On his arrival at camp he found Elliott much interested over discoveries of his own.  It seemed that the Easterner had spent the afternoon fishing.  At one point, happening to look up, he caught sight of a man surveying him intently from a thicket.  As he stared, the man drew back and disappeared.

“I couldn’t see him very plainly,” said Elliott.  “He had a beard and an old gray hat; but that doesn’t mean much of course.  When I got my nerve up, and had concluded to investigate, I could hardly find a trace of him.  He must wear moccasins, I think.”

In return Bob detailed his own experiences.  The two could make nothing of it all.

“If we were down South I’d say ‘moonshiners,’” said Elliott, “but the beautiful objection to that is, that we aren’t!”

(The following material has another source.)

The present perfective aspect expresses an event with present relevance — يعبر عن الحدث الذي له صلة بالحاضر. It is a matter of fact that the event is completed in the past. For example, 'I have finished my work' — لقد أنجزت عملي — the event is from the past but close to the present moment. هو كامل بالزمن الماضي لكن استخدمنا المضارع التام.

“It’s some mystery to do with the Basin,” said Bob, “and the whole countryside is ’on’—­except our boys.  I don’t believe California John knew a thing about it.”

“Didn’t act so.  Question:  what possibly could everybody in the mountains be interested in that the Forest Service would object to?”

“Lots of things,” replied Bob promptly, “but I don’t believe the mountains are unfriendly to us—­as a unit.  I know Martin isn’t, and he was the first one I noticed as particularly worried.”

Elliott reflected.

“If he’s so friendly, perhaps he was a little uneasy about us,” he suggested at length.  “If somebody doesn’t want the Forest Service in this neck of the woods—­if that somebody is relying on the fact that we never come down in here farther than the lookout, why then it may not be very healthy here.”

“Hadn’t thought of that,” said Bob.  “That looks cheerful.  But what’s the point?  Nine-tenths of this timber is private property anyway.  There’s certainly no trespass—­sheep, timber or otherwise—­on the government land.  What in blazes is the point?”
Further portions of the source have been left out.